Student loan debt exceeds $1.6 trillion.
Just today I met with a man whose wife had signed on a PLUS (Parent’s Loan for Undergraduate Students) Loan and wanted to discuss a possible bankruptcy for her to discharge this massive debt. They’re both retired and though they’ve been paying for years, she still owes over $180,000. I had to tell him that it would be almost impossible to discharge this loan in bankruptcy.
Student loans occupy a royal seat in the bankruptcy world. They, along with taxes, are among the few debts that generally cannot be discharged by bankruptcy. Unlike some of the non-dischargeable debts such as those fraudulently incurred, those caused by driving under the influence of drugs or alcohol or those resulting from intentionally damaging another’s property, student loans enjoy a presumption of non-dischargeability. While it is theoretically possible to get out of student loans, it’s a high bar to meet and it requires filing an adversary proceeding, which is a lawsuit within the bankruptcy, and having a trial. The burden is on the debtor to show that requiring repayment of student loans would cause an undue hardship on the debtor.
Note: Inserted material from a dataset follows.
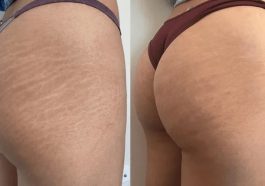 Stretch Mark Camouflage: How It Works & Why To Try It
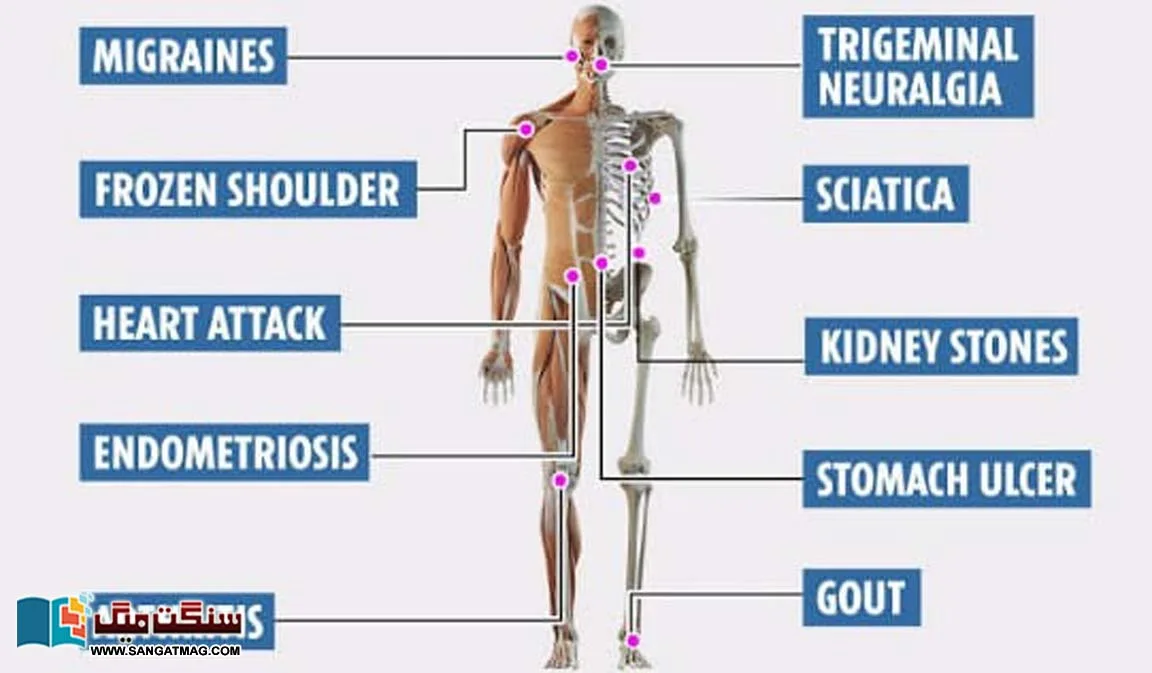 From-boils-on-the-body-to-kidney-stones.-Twenty-Worst-Body-Pains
Undue hardship is a term of art in the bankruptcy realm. It doesn’t just mean that it would be difficult to repay, or that it would impose a hardship on the debtor, meaning he and his family might have to forego some of the things that other families do, like vacations. Undue hardship means an extreme hardship. As it is usually stated, it means that it all but impossible for the debtor to find work. Not just work in the debtor’s chosen field, i.e. the training that the debtor got with the student loan but work in general. If the debtor went to medical school on student loans and has $500,000 in debt but for some reason can’t work as a doctor, as long as the debtor can work at something, she cannot discharge the student loans.
Now, to be fair, loan repayments are income based, so that if the unfortunate debtor can’t work as a doctor, earning $250,000/year, but has to accept work as, say, a high school biology teacher earning $40,000/year, her loan payments are based on $40,000/year, not the $250,000 she went to school expecting to earn. But the debt is still there. Any time she applies for a loan that half million dollar debt will show up. A lending officer looking at a credit application from a high school teacher making $40,000 per year and owing over 12 times that amount is not likely to approve the credit application. She’s looking at a future of renting and driving 10-year old cars.
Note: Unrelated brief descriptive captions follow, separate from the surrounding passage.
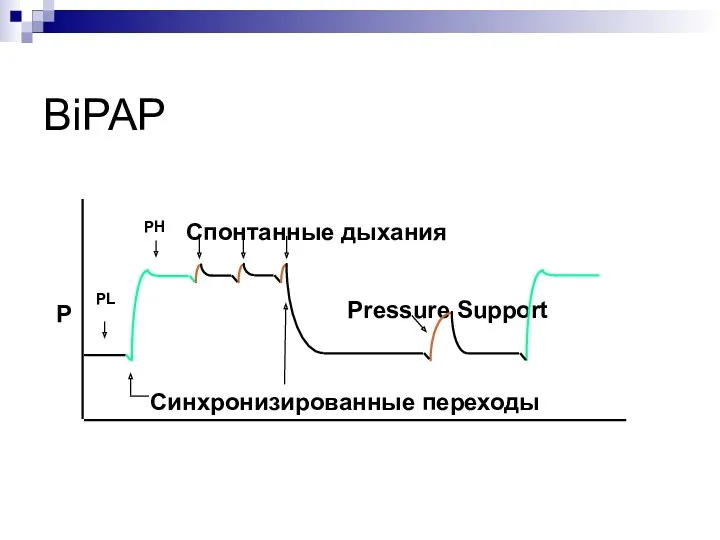 BiPAP Синхронизированные переходы Спонтанные дыхания P Pressure Support PL PH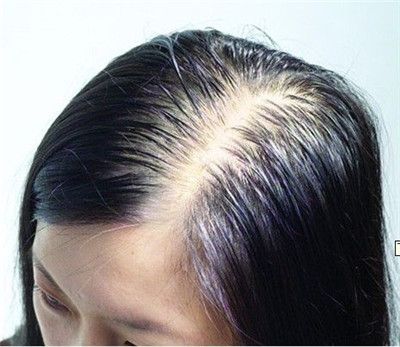防脱发从现在开始，这些小妙招让你头发“固若金汤”_齐齐哈尔防脱发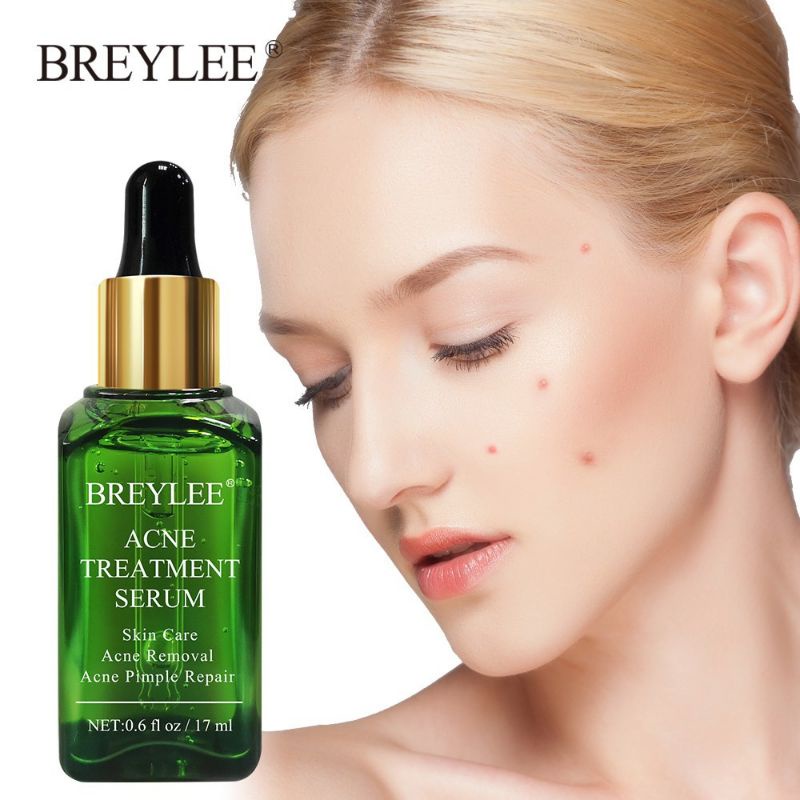 [17ml] Breylee Acne Treatment Serum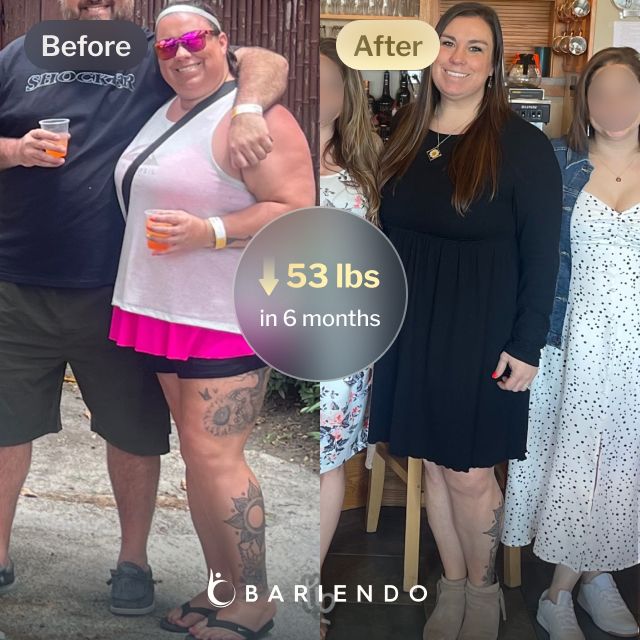 Before and after images of Mindi who lost 53 pounds in 6 months through Bariendo's non-surgical revision procedure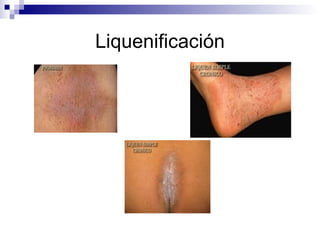 Liquenificación 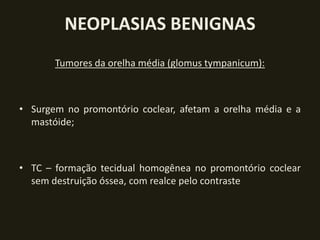 NEOPLASIAS BENIGNAS
       Tumores da orelha média (glomus tympanicum):



• Surgem no promontório coclear, afetam a orelha média e a
  mastóide;



• TC – formação tecidual homogênea no promontório coclear
  sem destruição óssea, com realce pelo contraste
 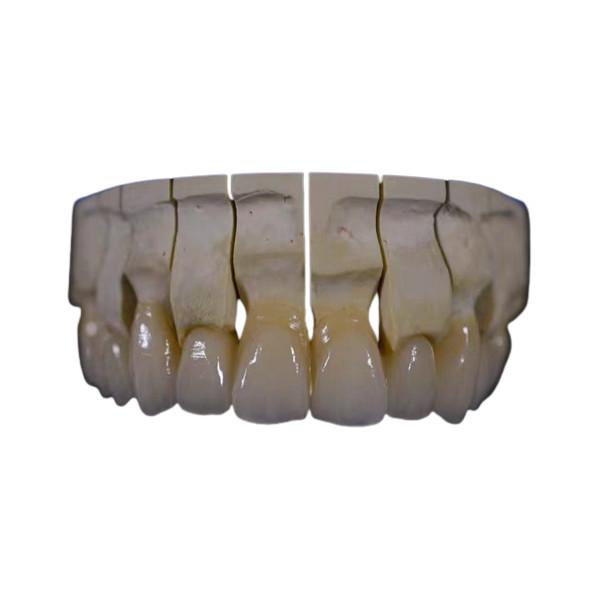 Full Mouth Zirconia Dental Crown Restoration Zirconia Fixed Bridge Chemical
Over the years, courts have followed what is called the Brunner test to determine whether an undue hardship exists. This test involves three parts, or prongs as they are called.
The first test is, is the debtor unable to maintain a minimal standard of living on her current income? A “minimal” standard of living is truly that.
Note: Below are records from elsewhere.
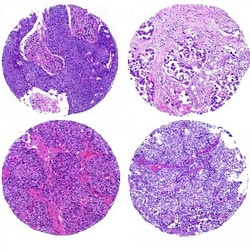 Mopec™ Control Slides, Tissue Microarray, 16 Breast Tumors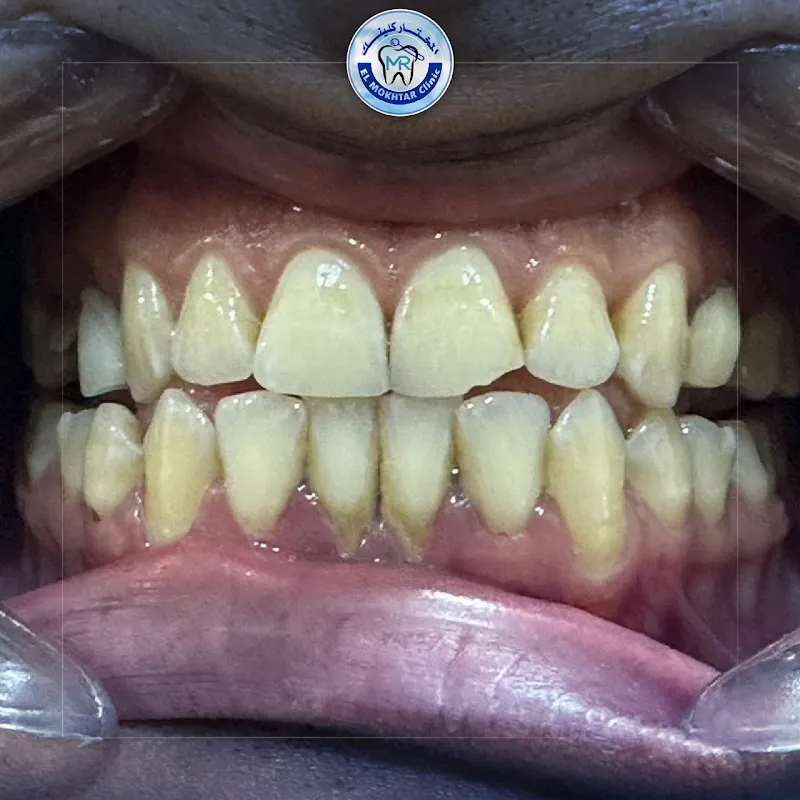 Nour Smile Clinic د جلال نورالدين
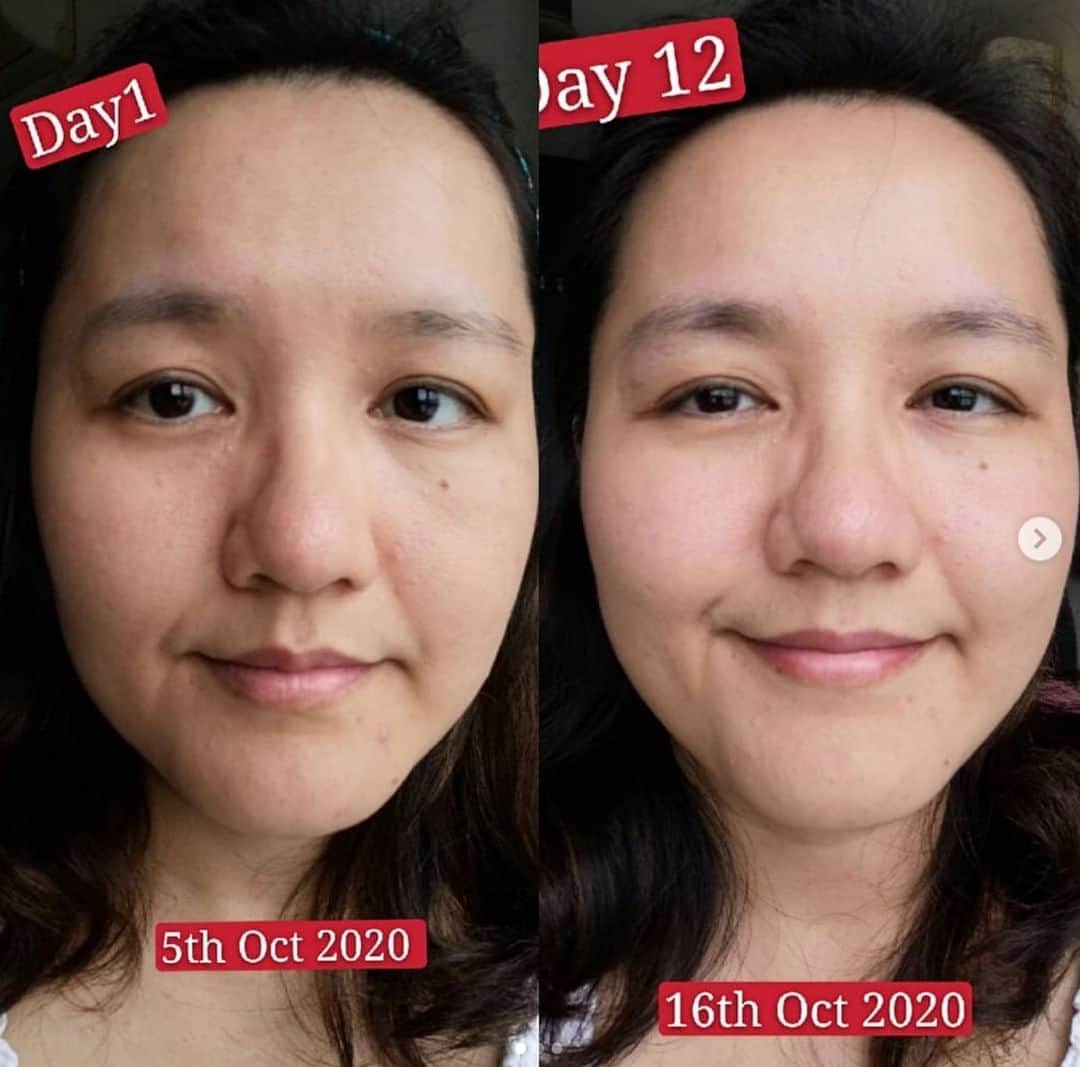 Motives Cosmeticsさんのインスタグラム写真 - (Motives CosmeticsInstagram)「👏ROUND OF APPLAUSE 👏For all of you who are crushing it with our #28DAYSOFSKIN Challenge!  It is never too late to join in! Find a skincare regimen suited for your skin's needs & start caring for your skin daily. Be sure to snap a before picture so we can see your amazing results & tag us on IG with the official challenge hashtag  #28DAYSOFSKIN.  Tap our "28 Day Of Skin" highlight to learn more.  . . . . . #lumieredevie #skincare #skinisin #beauty #naturalskin #naturalbeauty #lumiere #LDV #glowingskin #skincaretip #skintip #healthyskin #skincareroutine #skinroutine #motivescosmetics #skincarechallenge」10月18日 4時00分 - motivescosmetics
The second prong could be called the persistence prong. Is it likely the poverty level subsistence will continue for the foreseeable future?
The third prong is whether the debtor made a good faith effort to repay the student loans.
The student loan industry is a mess. It needs to be changed, but it’s not sexy enough to attract high profile protesters. There aren’t dozens of people coming forward and saying, “this happened to me, too.” It’s just millions of people living day to day, barely getting by, with no light at the end of the tunnel, all because they thought that by going back to school or continuing their educations they could get ahead.